**REQUIREMENT**: Lines from the one containing "Náměstí, Hrad a Trůba" through the last one in the data below: write them out word for word, and only them.

(Source data)
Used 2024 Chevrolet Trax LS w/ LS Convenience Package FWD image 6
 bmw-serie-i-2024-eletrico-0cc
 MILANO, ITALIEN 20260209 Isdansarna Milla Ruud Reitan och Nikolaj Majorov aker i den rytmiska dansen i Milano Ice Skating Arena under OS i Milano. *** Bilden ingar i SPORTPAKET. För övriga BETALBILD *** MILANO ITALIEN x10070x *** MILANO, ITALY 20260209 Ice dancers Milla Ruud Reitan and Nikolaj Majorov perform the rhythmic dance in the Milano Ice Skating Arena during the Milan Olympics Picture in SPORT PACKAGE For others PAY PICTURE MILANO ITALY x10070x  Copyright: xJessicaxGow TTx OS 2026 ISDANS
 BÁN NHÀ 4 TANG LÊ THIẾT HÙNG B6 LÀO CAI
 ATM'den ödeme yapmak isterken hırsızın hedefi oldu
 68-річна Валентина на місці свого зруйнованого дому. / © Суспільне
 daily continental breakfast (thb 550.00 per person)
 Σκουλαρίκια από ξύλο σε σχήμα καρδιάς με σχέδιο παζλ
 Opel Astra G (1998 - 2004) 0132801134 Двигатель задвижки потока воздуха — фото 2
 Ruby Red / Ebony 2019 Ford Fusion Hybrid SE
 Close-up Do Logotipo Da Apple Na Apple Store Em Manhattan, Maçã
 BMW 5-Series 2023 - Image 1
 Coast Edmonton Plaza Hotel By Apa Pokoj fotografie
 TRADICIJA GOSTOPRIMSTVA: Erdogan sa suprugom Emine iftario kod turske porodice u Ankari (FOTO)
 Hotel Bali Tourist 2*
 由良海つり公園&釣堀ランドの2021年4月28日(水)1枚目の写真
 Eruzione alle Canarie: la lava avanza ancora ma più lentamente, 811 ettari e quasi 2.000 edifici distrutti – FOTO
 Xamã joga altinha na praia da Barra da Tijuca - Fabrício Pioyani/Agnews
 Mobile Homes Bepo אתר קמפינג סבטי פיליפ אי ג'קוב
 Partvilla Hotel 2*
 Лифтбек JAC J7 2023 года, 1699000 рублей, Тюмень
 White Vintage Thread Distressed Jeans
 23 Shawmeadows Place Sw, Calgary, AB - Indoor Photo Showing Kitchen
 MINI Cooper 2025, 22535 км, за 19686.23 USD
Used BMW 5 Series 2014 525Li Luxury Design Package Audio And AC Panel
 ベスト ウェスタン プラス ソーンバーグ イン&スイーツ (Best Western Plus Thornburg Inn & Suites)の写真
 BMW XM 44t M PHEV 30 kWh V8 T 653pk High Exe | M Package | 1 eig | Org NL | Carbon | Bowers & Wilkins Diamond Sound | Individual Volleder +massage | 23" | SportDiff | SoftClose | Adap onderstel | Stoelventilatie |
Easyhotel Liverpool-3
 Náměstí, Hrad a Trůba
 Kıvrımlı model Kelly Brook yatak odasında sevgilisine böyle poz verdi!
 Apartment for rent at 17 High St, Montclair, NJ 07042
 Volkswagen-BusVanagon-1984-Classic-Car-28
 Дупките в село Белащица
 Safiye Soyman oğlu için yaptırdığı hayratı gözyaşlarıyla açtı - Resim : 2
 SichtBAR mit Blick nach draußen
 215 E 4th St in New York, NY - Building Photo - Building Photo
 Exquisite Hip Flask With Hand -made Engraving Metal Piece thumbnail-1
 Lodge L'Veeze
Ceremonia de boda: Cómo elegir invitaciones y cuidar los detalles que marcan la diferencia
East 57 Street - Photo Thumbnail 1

**RESPONSE TO THIS EXERCISE**:
 Náměstí, Hrad a Trůba
 Kıvrımlı model Kelly Brook yatak odasında sevgilisine böyle poz verdi!
 Apartment for rent at 17 High St, Montclair, NJ 07042
 Volkswagen-BusVanagon-1984-Classic-Car-28
 Дупките в село Белащица
 Safiye Soyman oğlu için yaptırdığı hayratı gözyaşlarıyla açtı - Resim : 2
 SichtBAR mit Blick nach draußen
 215 E 4th St in New York, NY - Building Photo - Building Photo
 Exquisite Hip Flask With Hand -made Engraving Metal Piece thumbnail-1
 Lodge L'Veeze
Ceremonia de boda: Cómo elegir invitaciones y cuidar los detalles que marcan la diferencia
East 57 Street - Photo Thumbnail 1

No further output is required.